Vintage, formerly known as Type 1, allows cards from all the sets that are legal for constructed play. Vintage maintains a small banned list and a larger restricted list. Unlike in the other formats, the DCI does not ban cards in Vintage for power level reasons. Rather, banned cards in Vintage are those that involve ante, manual dexterity (eg – Chaos Orb), or subgames (eg – Shahrazad). Cards that raise power level concerns are instead restricted to one per deck.[1] Because of the expense in acquiring the old cards to play competitive Vintage, many Vintage tournaments are unsanctioned and permit players to use a certain number of proxy cards. These are treated as stand-ins of existing cards and are not normally permitted in tournaments sanctioned by the DCI.[1]

Legacy

Legacy is the other eternal constructed format. It also allows cards from all legal sets, but unlike Vintage, it maintains only a banned list, and cards are banned in Legacy for power level reasons. The format evolved from Type 1.5, which allowed cards from all sets and maintained a banned list corresponding to Vintage: all cards banned or restricted cards in the old Type 1 were banned in Type 1.5.[2] The modern Legacy format began in 2004, as the DCI separated Legacy's banned list from Vintage and banned many new cards to reduce the power level of the format.[2] Wizards has supported the format with Grand Prix events using the Legacy format and by including the format in the World Championships.[3]

Extended

Extended, formerly known as Type 1.x, consists of the last seven years of block rotations and core sets. With each fall set release, one year's worth of sets rotate out of the format. Any additional sets released between rotations are automatically added to this format's card pool.[2] This system was implemented in March 2008 to balance the format's card pool, synchronize the rotation with Standard, and make the policy easier for players to remember.[4] The current Extended rotation consists of the Mirrodin, Kamigawa, Ravnica, Time Spiral, Lorwyn-Shadowmoor, Shards of Alara, and Zendikar blocks, the Coldsnap standalone set, and the Ninth Edition, Tenth Edition, and Magic 2010 core sets.[2]

Standard

Standard, or Type 2, is one of the most popular formats. Previously this format consisted of the most recent core set and the two most recent block rotations. With the release of Magic 2010, the standard rotation policy has changed. Now there will be only one rotation per year when the fall set is released.[5]
The current Standard set includes[6] Shards of Alara block (Shards of Alara, Conflux, Alara Reborn) the Magic 2010 core set, Zendikar, Worldwake and Rise of the Eldrazi. When Magic 2011 is released, it will join Standard.

Block Constructed

Block allows basic lands and only the cards in the most recent block rotation. Block formats are defined by the cycle of three sets of cards in a given block. For example, the Ravnica block format consists of Ravnica: City of Guilds, Guildpact, and Dissension. Only cards that were printed in the sets in the appropriate block can be used in these formats. The most recent complete block, Zendikar, consists of Zendikar, Worldwake, and Rise of the Eldrazi.

Limited

Limited tournaments are based on a pool of cards which the player receives at the time of the event. The decks in limited tournaments need only be 40 cards; all the unused cards function as the sideboard. In sealed deck tournaments, each player receives six booster packs from which to build their deck. Depending on which sets are to be used in a sealed deck event, the distribution of packs can vary greatly. For example, a Magic 2010 sealed deck event consists of six Magic 2010 boosters, but a sanctioned Shards of Alara block sealed deck event will consist of two Shards of Alara, two Conflux, and two Alara Reborn booster packs.
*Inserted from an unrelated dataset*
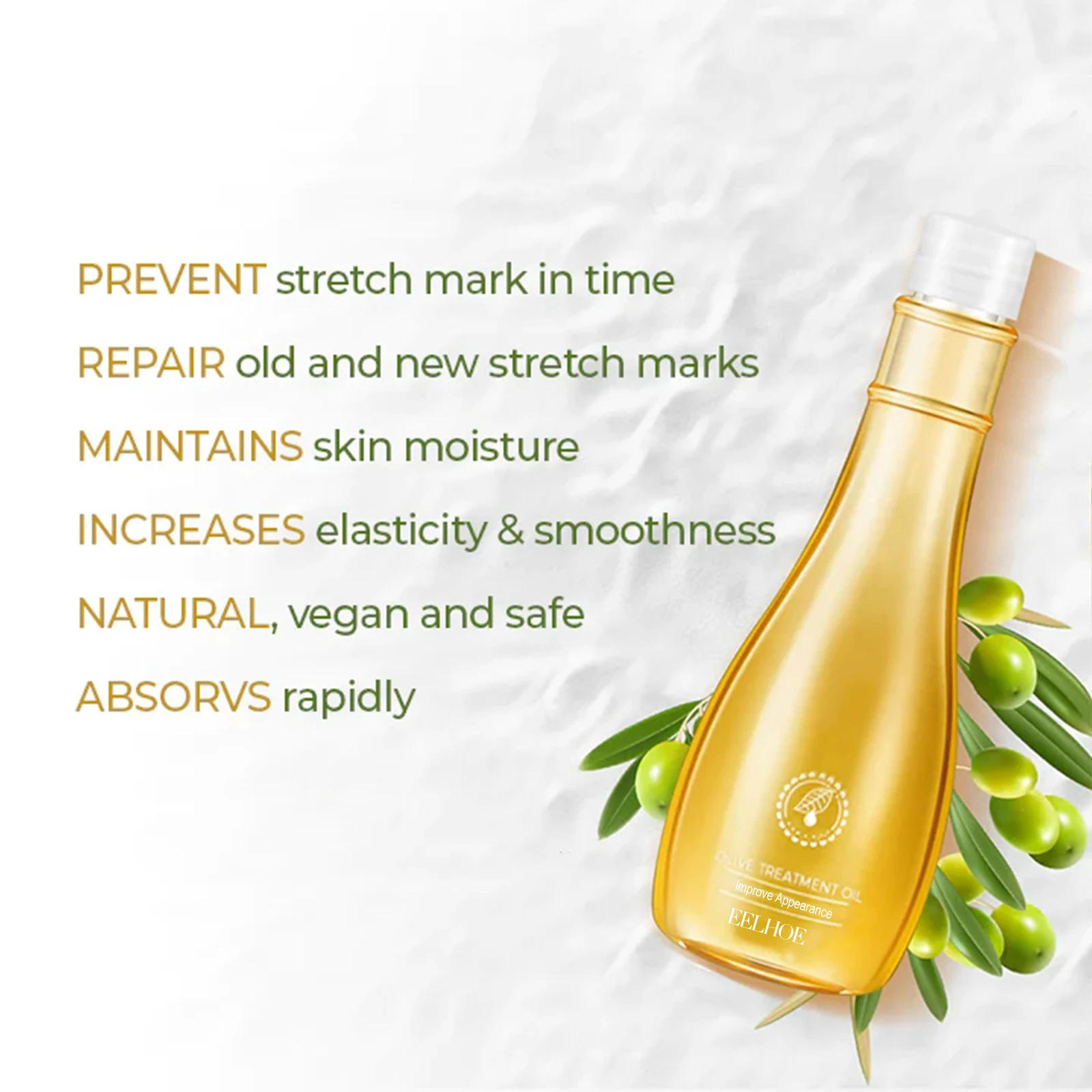 EELHOE Olive Skin Care Oil: A Mildly Nourishing Skin Care Oil that Moisturizes, Softens, Tones Skin, and Nourishes Body Skin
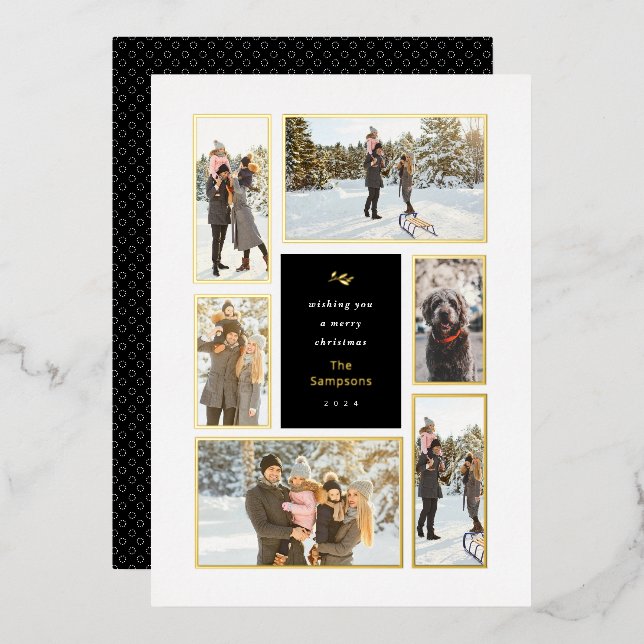 Gold Framed 6 Photo Gallery Christmas Foil Holiday Card (Front/Back)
In a booster draft, several players (usually eight) are seated around a table and each player is given three booster packs. Each player opens a pack, selects a card from it and passes the remaining cards to his or her left. Each player then selects one of the 14 remaining cards from the pack that was just passed to him or her, and passes the remaining cards to the left again. This continues until all of the cards are depleted. The process is repeated with the second and third packs, except that the cards are passed to the right in the second pack. Players then build decks out of any of the cards that they selected during the drafting and add as many basic lands as they want. Booster draft tournaments are somewhat prone to collusion, as players can hold the cards their neighbors need at the expense of their own deck building.

Alternate Formats

Casual play groups and even Wizards of the Coast have developed many alternative formats for playing the game. These formats are designed to accommodate larger numbers of players, to allow two or more players to work together as a team, or create specific requirements for deck construction. They are distinct from the officially sanctioned formats such as Legacy, Vintage, Extended, Standard, or Block Constructed which are organized by the DCI and merely define the available card pool, not change the rules of the game.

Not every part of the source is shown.